Conferencia internacional sobre la Población
MENSAJE DEL SANTO PADRE JUAN PABLO II
PARA LA CONFERENCIA INTERNACIONAL SOBRE LA POBLACIÓN (MÉXICO, 6-13 DE AGOSTO DE 1984)
Al Señor Don Rafael M. Salas
Secretario general de la Conferencia Internacional
sobre la Población de 1984
1. Me alegra poder recibirle hoy y compartir algunas reflexiones acerca de la próxima Conferencia internacional sobre la Población de 1984, para la que usted ha sido designado Secretario general. Esta Conferencia, que tendrá lugar en México en el mes de agosto 1984, ofrece la oportunidad para un nuevo examen de muchas cuestiones importantes relacionadas con el crecimiento y descenso de la población, a diez años de la Conferencia mundial sobre Población de 1974. La Santa Sede ha seguido atentamente los debates sobre la población a lo largo de estos años, y ha estudiado las consecuencias de los factores demográficos para toda la familia humana. Se puede apreciar de inmediato que la situación de la población en el mundo es muy compleja y que cambia de una región a otra. Detrás de los datos demográficos hay muchas cuestiones relacionadas entre sí, que afectan a la elevación de las condiciones de vida de los hombres, a fin de que puedan vivir, con dignidad, justicia y paz, de manera que puedan ejercer el derecho recibido de Dios de formar una familia, traer al mundo y educar a sus hijos, y puedan realizar así su destino eterno que es la unión con el Dios del amor que los ha creado. Por eso la Iglesia juzga de manera positiva los esfuerzos por mejorar los sistemas de educación y de sanidad, reconociendo el papel de las personas ancianas, favoreciendo una participación más activa de las personas en los procesos de desarrollo y en la construcción de un nuevo orden económico global fundado sobre la justicia y la equidad.
2. La Iglesia reconoce que corresponde a los gobiernos y a la comunidad internacional estudiar y afrontar de manera responsable los problemas demográficos en el contexto y en vista del bien común de cada nación y de toda la humanidad (cf.

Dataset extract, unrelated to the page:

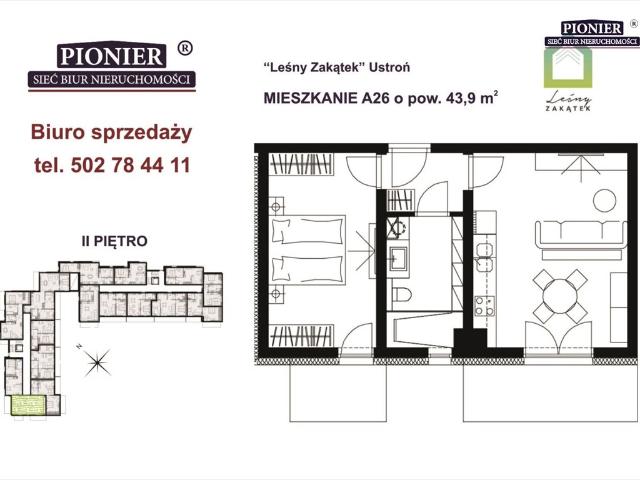 Mieszkanie na sprzedaż w Ustroń, Śląskie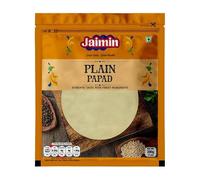 Lilys Bikaneri Papad, Jeera Papad, Black Pepper Papad, Plain Papad, Green Chilli Papad, Punjabi Papad, Authentic Taste with Finest Ingredients, 200g Each (Pack of 2) (PLAIN & PUNJABI)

Populorum progressio, 37). Pero una política demográfica no debe considerar a las personas como simples números, ni únicamente según criterios económicos, ni tampoco partiendo de cualquier tipo de prejuicios. Debe respetar y promover la dignidad y los derechos fundamentales de la persona humana y de la familia.
La dignidad de la persona humana —de cada persona en particular—, su unicidad y su capacidad de contribuir al bienestar de la sociedad, son de primaria importancia para la Iglesia cuando aborda deberes sobre población. Porque la Iglesia cree que la dignidad humana está fundada sobre el hecho de que Dios ha creado a cada persona, que hemos sido redimidos por Cristo y que, según el plan de Dios, gozaremos con Él de una felicidad eterna. La Iglesia debe ser siempre signo y salvaguardia del carácter trascendental de la persona humana (cf. Gaudium et spes, 76), devolviendo la esperanza a cuantos de otro modo desesperarían de poder mejorar su suerte actual. Esta convicción de la Iglesia es compartida por otros, está en armonía con los deseos más secretos del corazón humano y responde a las aspiraciones más profundas de la persona humana. La dignidad de la persona es por ello un valor de importancia universal defendido por hombres de diversos ambientes religiosos, culturales y nacionales. Esta insistencia sobre el valor de la persona requiere respeto hacia la vida humana, que es siempre un don maravilloso de la bondad de Dios. Contra el pesimismo y el egoísmo que arrojan su sombra sobre el mundo, la Iglesia se alza en favor de la vida y llama a esfuerzos cada vez mayores para corregir situaciones que ponen en peligro o reducen el valor y la debida calidad de la vida humana. A este respecto quiero recordar las palabras de mi Exhortación Apostólica Familiaris consortio, que refleja el consenso del Sínodo de los obispos de 1980 sobre la familia en el mundo contemporáneo.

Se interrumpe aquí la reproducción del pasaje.